Emerline was released at four in the morning, and came to see me at the hospital right away. She had been beaten, she was humiliated, she was full of fear of the streets, of society, of the future. She rolled on the ground in front of me, crying out her grief, but also sputtering out words of thanks for our help in freeing her. I couldn’t get her to stand up, and I didn’t have the heart to look at her on the ground so defeated, so I looked to the sky above. The moon was a bright crescent, but its full round border was visible by the aurora of the far off sun. And, to the left of the crescent in all its glory, was the morning star.
I understood immediately. The moon was Esmine. Her glory, her godlight, was diminished by the dark evil of her captivity and humiliation, but was faintly still there. The crescent was the part of her that still enjoyed light, and somehow promised a healing light for the remaining silhouette. God was the aurora, the sun underneath and unseen, a subtle light illuminating Esmine’s wound that could be healed by hope. And the morning star? That’s the best part. The morning star is you, and me, and anyone, anywhere, at any while, who stands in solidarity with the one who is in darkness and the shadow of death -- to offer even imperfect or limited light...
You can’t believe how hard it is to bury the dead. No one wants them. We bury about 100 a week. Their poverty and humiliation still hound them after they are dead. Their disgraceful condition, their lack of a spot even to drop dead on, their exile from a final resting place, are haunting realities. When we recently brought a score of corpses of the destitute to their final resting place last week, we were met by a posse of peasants who demanded money and would not let us pass to the twenty graves we had dug. There was quite a fight between my team, who were there to manage all the coffins and the graves, and the peasants who insisted they could make a fortune on that land by saving it for a cell phone company antenna. They insisted their deal with the company would be ruined by our bones.
I knew it was State land. I knew the dead have been dumped there for 30 years. But I had no energy left to fight and I called for the gravediggers, the team of 20 pall bearers, and all the coffins to go to a place in Cite Soleil the Mayor said we could have for funerals, but which we had not yet prepared for lack of resources. My team refused to leave and wanted to defend the dead. The small music band that always comes to play for the funerals (I call them the “other” grateful dead) struck up a lively tune. The fight was on. The police soon came, and went to the highest bidder…me. Yes, I could outdo the protesting peasants -- gas money, a little money for lunch, a little extra for Christmas. The dead now rested in peace.
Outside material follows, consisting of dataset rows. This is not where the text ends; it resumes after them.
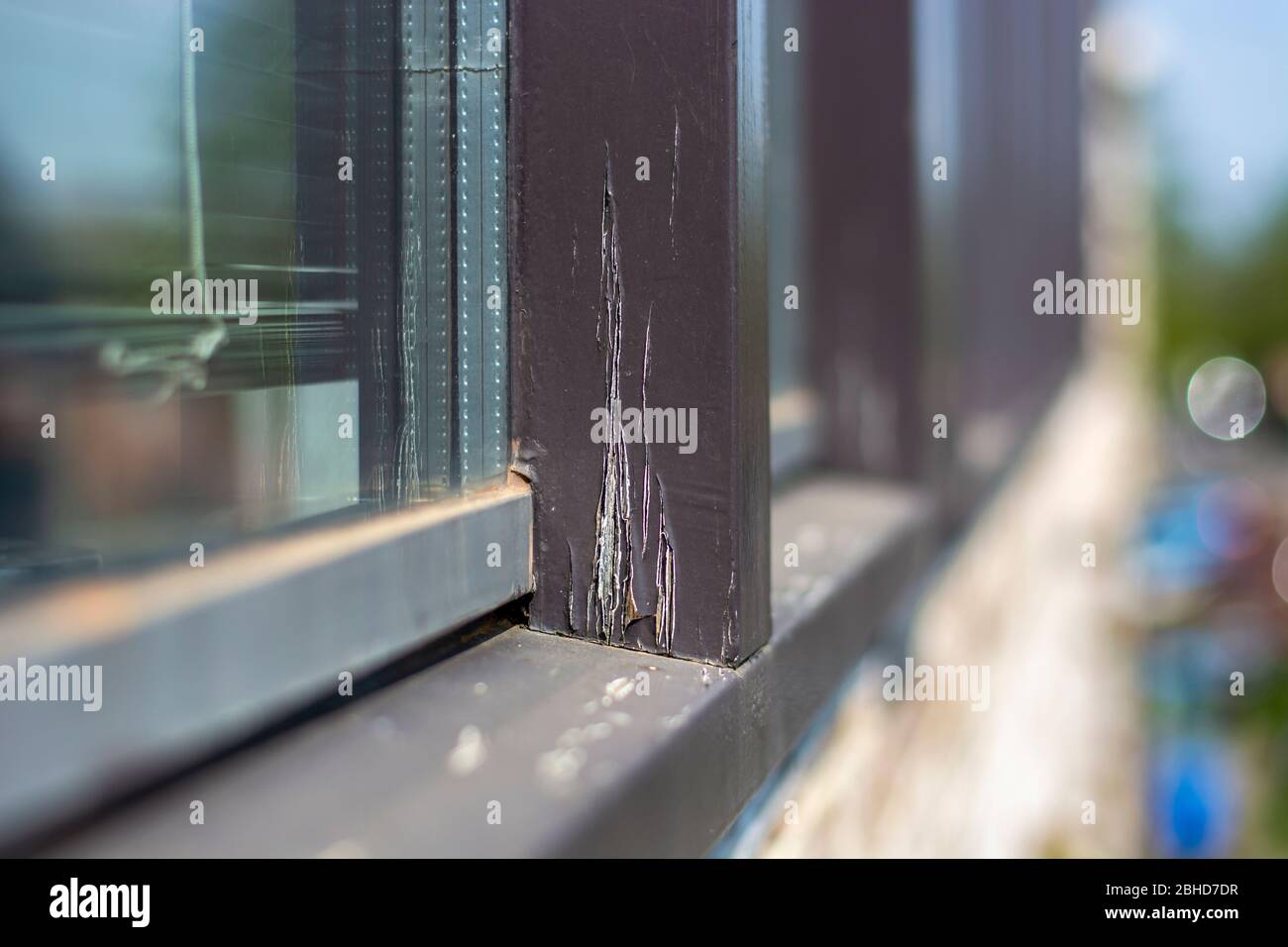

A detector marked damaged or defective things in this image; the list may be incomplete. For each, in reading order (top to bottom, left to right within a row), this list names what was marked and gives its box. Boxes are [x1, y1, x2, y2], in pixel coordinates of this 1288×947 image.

moisture damage [583, 150, 678, 650]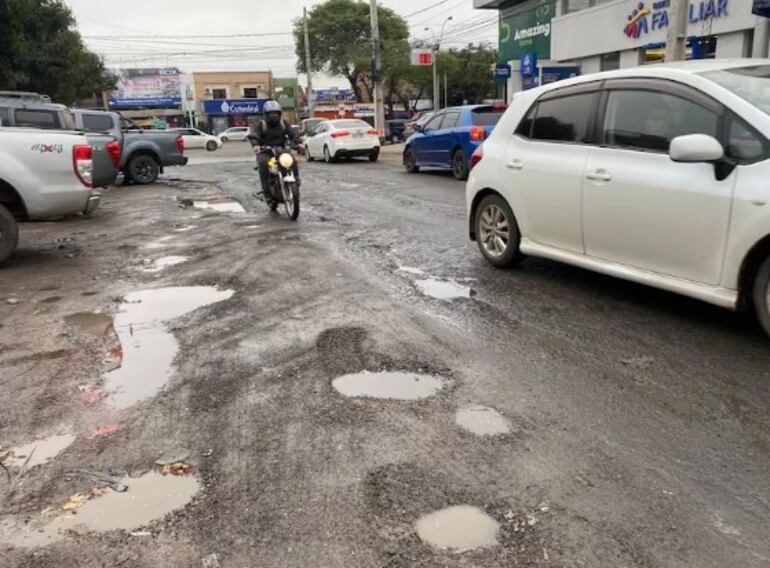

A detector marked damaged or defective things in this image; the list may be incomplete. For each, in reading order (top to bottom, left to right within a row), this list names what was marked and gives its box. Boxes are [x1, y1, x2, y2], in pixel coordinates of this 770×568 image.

pothole [414, 280, 474, 302]
water-filled pothole [414, 280, 474, 302]
pothole [103, 286, 232, 406]
water-filled pothole [103, 286, 232, 406]
damaged road surface [0, 148, 764, 568]
pothole [330, 370, 444, 402]
water-filled pothole [332, 370, 444, 402]
water-filled pothole [452, 404, 512, 434]
pothole [456, 404, 510, 434]
pothole [4, 432, 75, 468]
pothole [0, 470, 198, 544]
water-filled pothole [0, 470, 201, 544]
pothole [414, 506, 498, 552]
water-filled pothole [414, 506, 498, 552]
The human heart beats in darkness, against darkness, and easily becomes darkness. But it longs for light, true light. At Christmas we celebrate the presence of a new heart beating among us. Small at first, but over a very few years it grows in strength, wisdom and grace. If we want, this sacred heart beats first next to ours, then with ours, and then in ours. Each beat generates light, the true light that the darkness cannot overcome. Darkness loses its power, and falls from its throne as victor. It becomes simply “opponent.” Even its opposition is self defeating, since it only increases longing for the Sacred Heart, whose power and light we come to share. This power and light reveal His name, but we find we have always known it. His name is “Wonderful, Counselor, Almighty God, Everlasting Father, Prince of Peace.”
May it be ever in our hearts and on our lips.